Un engagement jamais démenti

Héraut de la cause environnementale depuis qu’il a créé l’émission Ushaïa en 1987 et la fondation du même nom en 1990 – rebaptisée en 1995 Fondation Nicolas Hulot pour la nature et l’homme -, le nouveau ministre a fait une première intrusion en politique en 2012, comme candidat malheureux à la primaire écologiste pour la présidentielle.
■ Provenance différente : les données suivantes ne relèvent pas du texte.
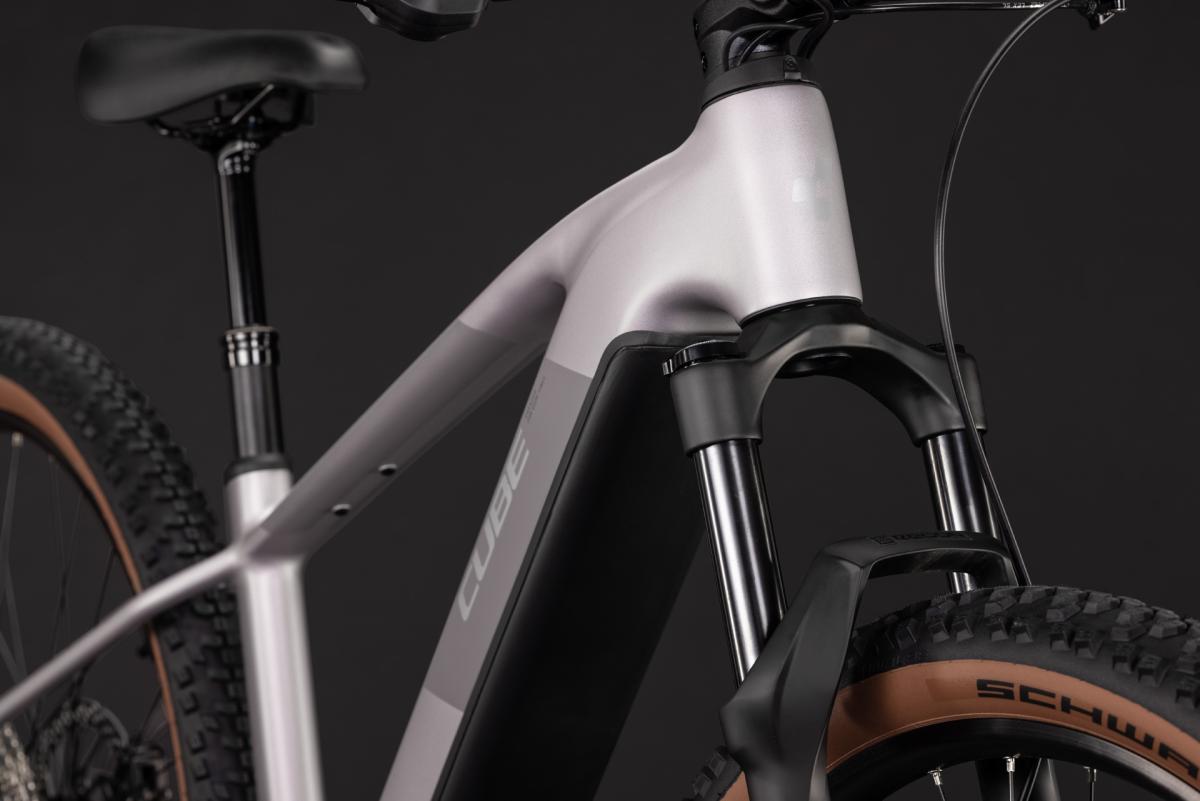Cube Reaction Hybrid Pro 800 lilacbreeze'n'prizm – Bild 7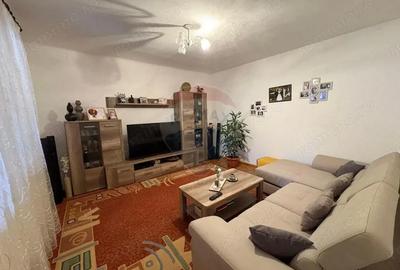 Casă cu 3 camere cu Teren 195 Mp în Mediaș - 6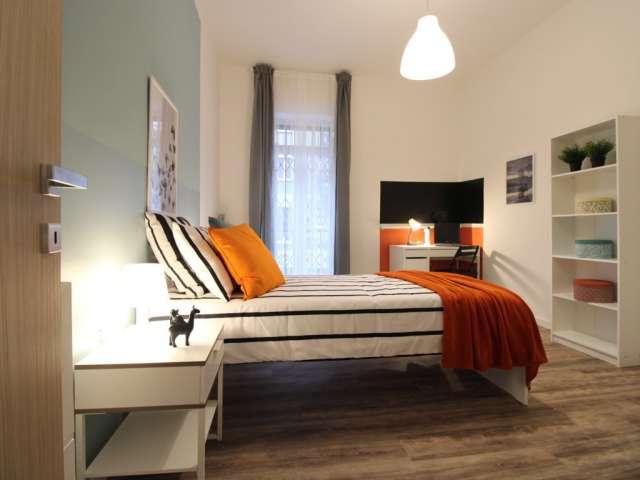 Stanza in appartamento condiviso da 4 posti letto in affitto, Mompiano, Brescia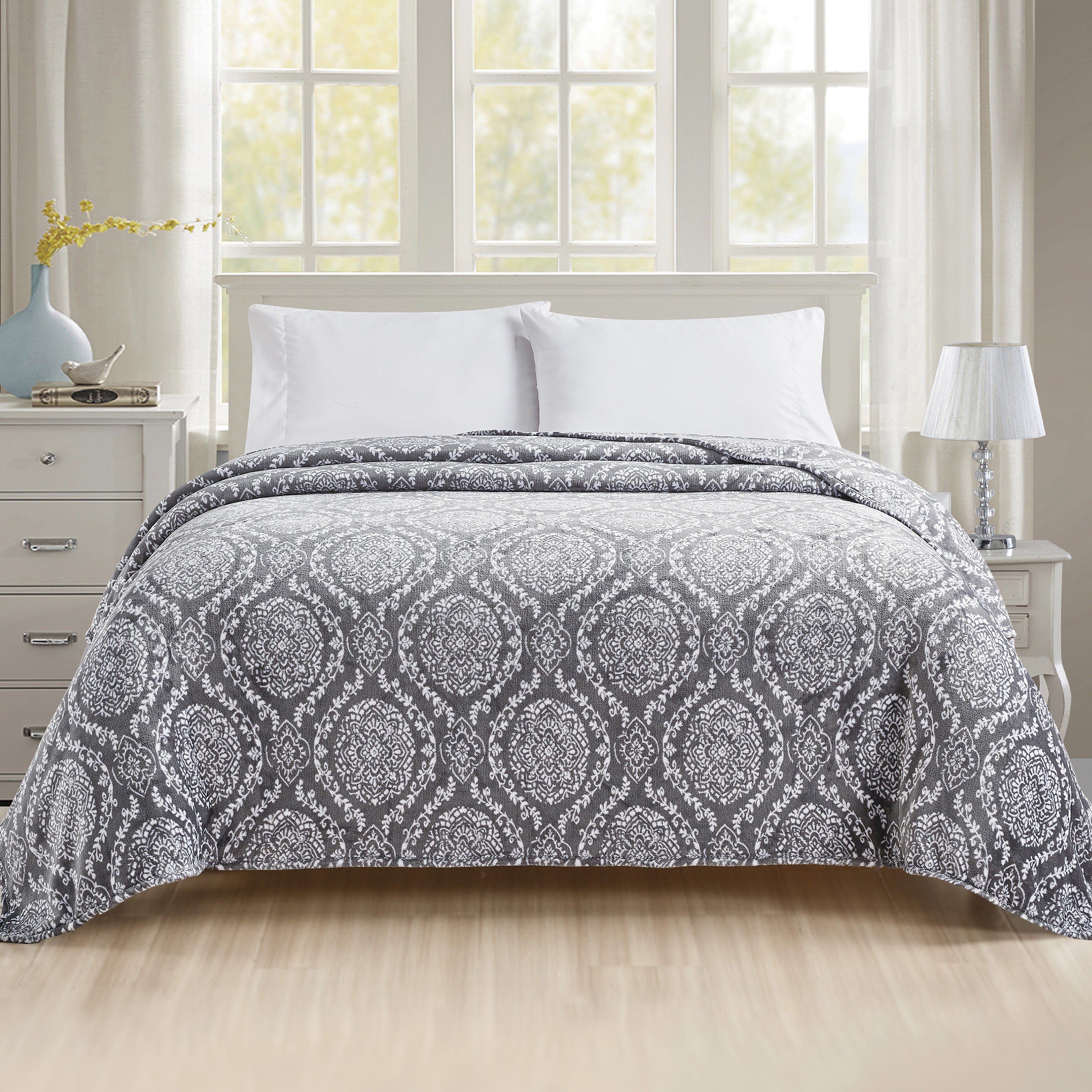 Printed Bed or Oversized Couch Blanket - Lightweight for All Season Warmth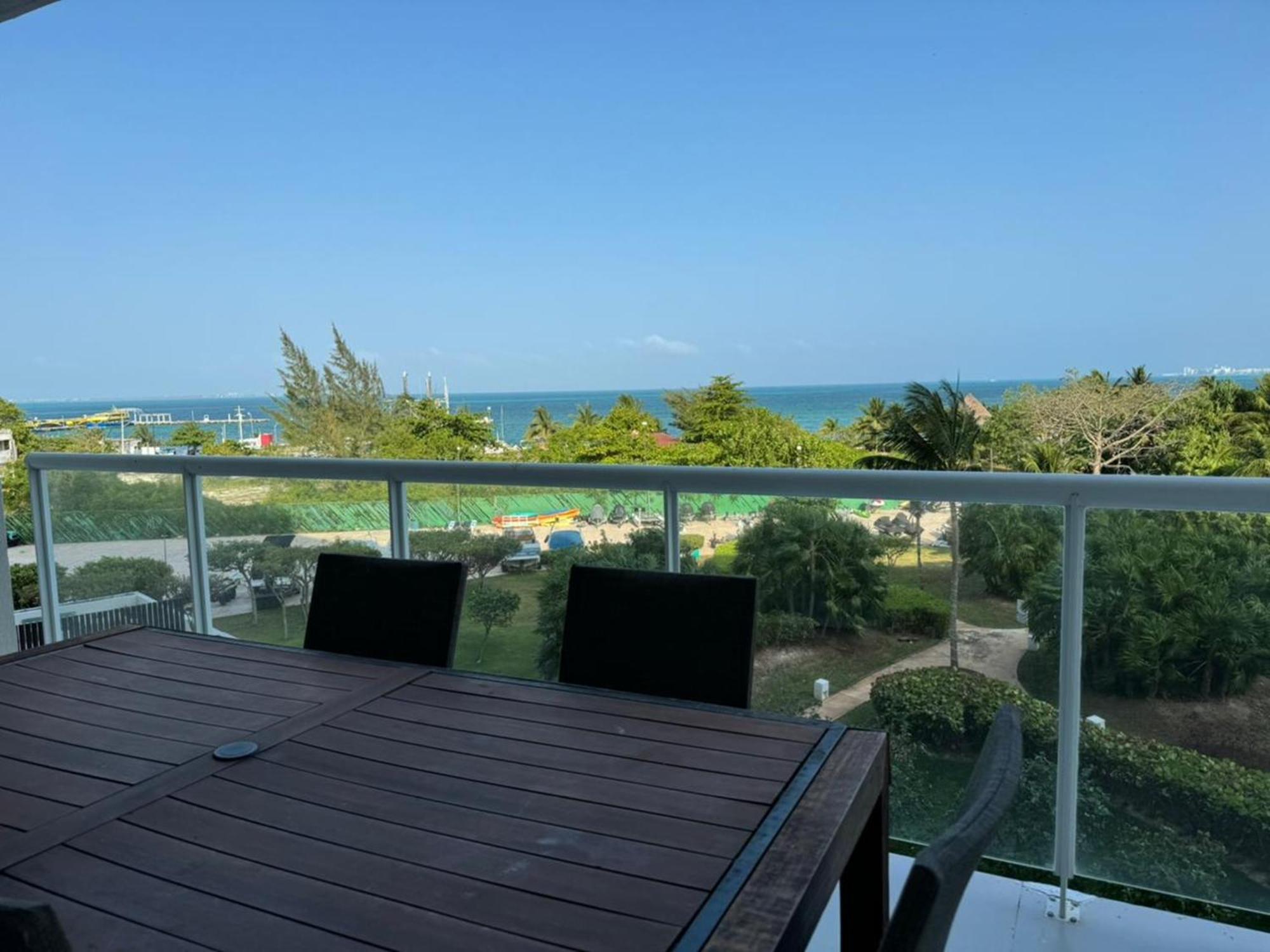 New Beachfront Luxury Apartments Cancún Buitenkant foto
Cinq ans auparavant, il avait lancé le Pacte écologique, qu’il avait fait signer par 5 candidats à l’Elysée : Ségolène Royal, Nicolas Sarkozy, François Bayrou, Marie-Georges Buffet, Dominique Voynet et 740 000 citoyens.  En 2012, il a été nommé « envoyé spécial pour la protection de la planète » par François Hollande, ce qui incluait en particulier la préparation de la Cop 21 fin 2015. Il a quitté ce poste début 2016 et a refusé alors d’entrer au gouvernement de Manuel Valls.